* _TASK OBJECTIVE_
What lines of the data hold the string "design"? Copy them all.

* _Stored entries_
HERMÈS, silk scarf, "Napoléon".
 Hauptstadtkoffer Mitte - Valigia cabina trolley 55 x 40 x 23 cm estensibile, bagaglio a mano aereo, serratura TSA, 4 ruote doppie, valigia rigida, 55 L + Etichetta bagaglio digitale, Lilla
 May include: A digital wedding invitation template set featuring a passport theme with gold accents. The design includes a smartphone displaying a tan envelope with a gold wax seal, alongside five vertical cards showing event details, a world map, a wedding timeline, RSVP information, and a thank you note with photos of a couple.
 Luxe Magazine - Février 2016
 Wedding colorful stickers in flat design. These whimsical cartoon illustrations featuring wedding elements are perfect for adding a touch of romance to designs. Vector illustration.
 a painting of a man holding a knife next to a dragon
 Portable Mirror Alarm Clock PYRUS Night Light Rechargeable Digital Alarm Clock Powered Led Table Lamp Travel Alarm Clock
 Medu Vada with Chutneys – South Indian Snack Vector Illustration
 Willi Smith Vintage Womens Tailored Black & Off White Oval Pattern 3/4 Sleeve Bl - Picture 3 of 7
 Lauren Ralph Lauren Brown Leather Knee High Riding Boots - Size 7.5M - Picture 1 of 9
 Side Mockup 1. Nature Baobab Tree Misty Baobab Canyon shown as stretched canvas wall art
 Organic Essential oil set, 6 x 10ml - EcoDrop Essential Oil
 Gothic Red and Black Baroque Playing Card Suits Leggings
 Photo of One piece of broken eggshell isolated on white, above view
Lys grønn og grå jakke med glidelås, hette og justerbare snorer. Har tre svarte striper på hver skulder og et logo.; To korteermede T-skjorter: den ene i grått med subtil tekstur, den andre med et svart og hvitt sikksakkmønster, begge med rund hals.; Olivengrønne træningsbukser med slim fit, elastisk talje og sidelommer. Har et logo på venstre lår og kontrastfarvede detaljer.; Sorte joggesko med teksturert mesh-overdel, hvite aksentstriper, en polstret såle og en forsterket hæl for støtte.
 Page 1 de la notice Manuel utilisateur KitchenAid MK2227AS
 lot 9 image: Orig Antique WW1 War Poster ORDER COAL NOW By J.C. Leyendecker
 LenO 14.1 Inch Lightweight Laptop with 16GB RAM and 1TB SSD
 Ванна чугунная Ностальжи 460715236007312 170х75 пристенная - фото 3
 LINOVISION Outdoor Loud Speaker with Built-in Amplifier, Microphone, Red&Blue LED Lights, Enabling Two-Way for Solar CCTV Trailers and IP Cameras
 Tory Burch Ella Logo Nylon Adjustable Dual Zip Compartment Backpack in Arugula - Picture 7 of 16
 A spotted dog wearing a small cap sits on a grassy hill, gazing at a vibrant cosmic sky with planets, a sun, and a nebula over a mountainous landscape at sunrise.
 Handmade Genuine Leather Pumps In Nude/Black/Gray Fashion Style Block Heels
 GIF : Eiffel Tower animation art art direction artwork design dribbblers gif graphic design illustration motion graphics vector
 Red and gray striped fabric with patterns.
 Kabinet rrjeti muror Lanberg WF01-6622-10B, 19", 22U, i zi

* _RESULT OF THE TASK_
 May include: A digital wedding invitation template set featuring a passport theme with gold accents. The design includes a smartphone displaying a tan envelope with a gold wax seal, alongside five vertical cards showing event details, a world map, a wedding timeline, RSVP information, and a thank you note with photos of a couple.
 Wedding colorful stickers in flat design. These whimsical cartoon illustrations featuring wedding elements are perfect for adding a touch of romance to designs. Vector illustration.
 GIF : Eiffel Tower animation art art direction artwork design dribbblers gif graphic design illustration motion graphics vector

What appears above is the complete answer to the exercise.